The gap between easy and hard is where you see if a system actually works or if it's just good at simple tasks. Every other agent loses half its ability or more when tasks get complex. We lose 15 points.

That's the difference between "cool demo" and "I can actually ship this."

toliveistobuild•1h ago
Browser-Use: 8.1% on hard tasks
Skyzzd•1h ago
I didn't expect to be able to verify every result in the spreadsheet myself. love this! I'll review the data and let you know if a particular run's success seems to be due to luck or if the judge might have made a mistake.
ivywho•1h ago
Interesting that every agent basically falls off a cliff on hard tasks except this one. Operator going from 83% to 43% is wild - that means it's literally coin-flipping on anything non-trivial.

The failure traces being public is a nice touch. Looked through a few and they're actual failures, not cherry-picked easy ones. Most companies in this space wouldn't do that.

Curious about latency though, what does a typical hard task execution look like in terms of wall clock time?

salmacodes•1h ago
Been trying to get Operator to handle a multi-step workflow for a client (login → navigate nested menus → fill form → confirm) and it just... breaks in the middle every time.
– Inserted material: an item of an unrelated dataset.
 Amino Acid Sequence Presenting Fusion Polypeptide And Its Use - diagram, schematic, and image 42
Seeing the hard-task numbers here makes that make a lot more sense.

Honestly the more interesting thing to me is the benchmark critique. WebVoyager being the default eval while only agreeing with humans 62% of the time is kind of damning for the whole space. Has anyone else tried running their agent against Online-Mind2Web?

codebyron•1h ago
The 15-point drop from easy to hard is the number that stands out to me.

That suggests the architecture handles state accumulation across steps without compounding errors — which is the thing that kills most agent pipelines. Every other agent here shows exponential degradation as task length increases, which is what you'd expect from a naive screenshot-action loop with no error recovery.
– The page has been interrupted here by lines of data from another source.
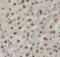 RuvB Like AAA ATPase 1 antibody, FNab07537, FineTest, Immunohistochemistry frozen image 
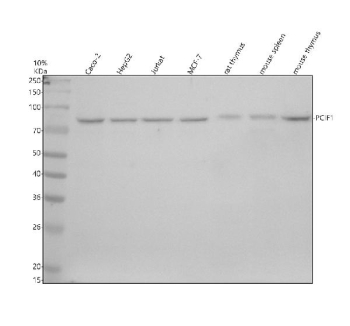 Western blot analysis of PCIF1 using anti-PCIF1 antibody. Electrophoresis was performed on a 10% SDS-PAGE gel at 80V (Stacking gel) / 120V (Resolving gel) for 2 hours. Lane 1: human Caco-2 whole cell lysates, Lane 2: human HepG2 whole cell lysates, Lane 3: human Jurkat whole cell lysates, Lane 4: human MCF-7 whole cell lysates, Lane 5: rat thymus tissue lysates, Lane 6: mouse spleen tissue lysates, Lane 7: mouse thymus tissue lysates. After electrophoresis, proteins were transferred to a nitrocellulose membrane at 150 mA for 50-90 minutes. Blocked the membrane with 5% non-fat milk/TBS for 1.5 hour at RT. The membrane was incubated with rabbit anti-PCIF1 antibody at 0.5 ug/ml overnight at 4oC, then washed with TBS-0.1%Tween 3 times with 5 minutes each and probed with a goat anti-rabbit IgG-HRP secondary antibody at a dilution of 1:5000 for 1.5 hour at RT. The signal was developed using an ECL Plus Western Blotting Substrate. A specific band was detected for PCIF1 at approximately 81 kDa. The expected molecular weight of PCIF1 is ~81 kDa.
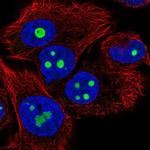 BATF2 Antibody in Immunocytochemistry (ICC/IF)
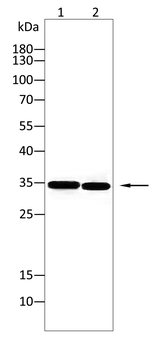 CASP7 Antibody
Looking at the cookbook repo — are you doing any kind of structured DOM extraction before passing to the model, or is this pure vision? Curious whether the hard-task performance comes from better perception, better planning, or better recovery when an action doesn't produce the expected state change.

houmercodes•1h ago
Genuine question about the eval methodology — how do you handle website non-determinism?

A lot of these sites serve different layouts, A/B tests, cookie consent modals, etc. across sessions. Did you control for that across agents, or is each agent hitting the live site independently at different times?

Because if so, some of the variance between agents could just be "Operator happened to get the GDPR popup and didn't know how to dismiss it." Would be useful to know if all agents were evaluated on the same snapshots or same time window.

kathyyyyyyyliu•3m ago
Promising numbers, especially if Online-Mind2Web better reflects real multi-step workflows than WebVoyager. Would love to see a quick breakdown of failure modes and variance by difficulty -- 80%+ on truly stateful web tasks is a strong claim. Either way, more realistic evals are a big win for the space.